Monday, April 21, 2008

Fifth Sunday of Easter

Acts 6:1-7
1 Pt 2:4-9
Jn 14:1-12

We tend to think that divisions in the Church are something new, a product of our own time. Yet in reading the First Reading from Acts we discover that divisions in the Church go back to the very beginning, to the very first followers of Christ. The Hellenists complained that their widows were being slighted by the Hebrews in the daily distribution of food. The Twelve were compelled to remedy this situation. Their solution was to appoint seven men of good character to oversee this distribution and ensure that it was done fairly. These seven, Stephen, Phillip, Timon, Nicanor, Parmenas, Prochorus, and Nicholas of Antioch have come to be known to us as the first deacons of the Church, devoted to service of the People of God.
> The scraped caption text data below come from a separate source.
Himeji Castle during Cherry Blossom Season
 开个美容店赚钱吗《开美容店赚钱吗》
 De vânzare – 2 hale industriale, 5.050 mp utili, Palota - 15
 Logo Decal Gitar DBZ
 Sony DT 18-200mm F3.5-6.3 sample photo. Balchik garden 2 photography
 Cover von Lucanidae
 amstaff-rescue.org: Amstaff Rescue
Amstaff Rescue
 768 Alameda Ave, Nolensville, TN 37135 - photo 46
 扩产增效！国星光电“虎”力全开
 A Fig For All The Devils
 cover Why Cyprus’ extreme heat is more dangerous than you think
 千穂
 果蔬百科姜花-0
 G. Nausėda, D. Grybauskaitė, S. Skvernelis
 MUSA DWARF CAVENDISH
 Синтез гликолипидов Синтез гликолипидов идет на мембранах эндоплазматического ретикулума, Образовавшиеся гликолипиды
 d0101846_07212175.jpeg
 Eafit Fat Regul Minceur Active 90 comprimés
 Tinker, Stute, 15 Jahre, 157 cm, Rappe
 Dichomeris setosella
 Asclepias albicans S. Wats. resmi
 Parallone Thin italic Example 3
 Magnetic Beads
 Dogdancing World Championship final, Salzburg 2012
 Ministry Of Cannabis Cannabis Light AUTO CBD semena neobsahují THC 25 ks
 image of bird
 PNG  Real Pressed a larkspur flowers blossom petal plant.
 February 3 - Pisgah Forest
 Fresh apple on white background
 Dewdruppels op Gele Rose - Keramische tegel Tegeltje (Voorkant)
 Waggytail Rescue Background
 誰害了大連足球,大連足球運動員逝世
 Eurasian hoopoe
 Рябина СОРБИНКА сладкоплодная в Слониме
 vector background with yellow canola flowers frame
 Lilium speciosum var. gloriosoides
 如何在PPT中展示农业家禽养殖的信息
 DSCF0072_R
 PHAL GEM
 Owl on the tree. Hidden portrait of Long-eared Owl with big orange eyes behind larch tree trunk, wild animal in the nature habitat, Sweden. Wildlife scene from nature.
This order, recently revived, exists to serve the needs of the Church. It is not, however, the sole province of this Order of Deacons to serve the Church. All the baptized are called to this service. Each Christian is called to service, for it is in service that we live our faith. I find it quite interesting that the Twelve chose seven men to serve. Why seven? Why not five or eight, or twelve? The number seven keeps coming up in different places, a number of significance. Seven seals, seven sacraments, forgive your brother’s offenses 70 times seven, all very meaningful, all involving seven. Seven was once thought to be the number of spiritual perfection. So the choice of seven men to serve was certainly not accidental. The seven chosen then, and those today are called to demonstrate to all members of the Church the importance of service. These seven were called to serve, to show that the Church reaches toward perfection in serving. As each of us comes to follow their example, as each of us serves others, we bring the Church just that much closer to where it should be. We serve and bring the reign of God closer to reality.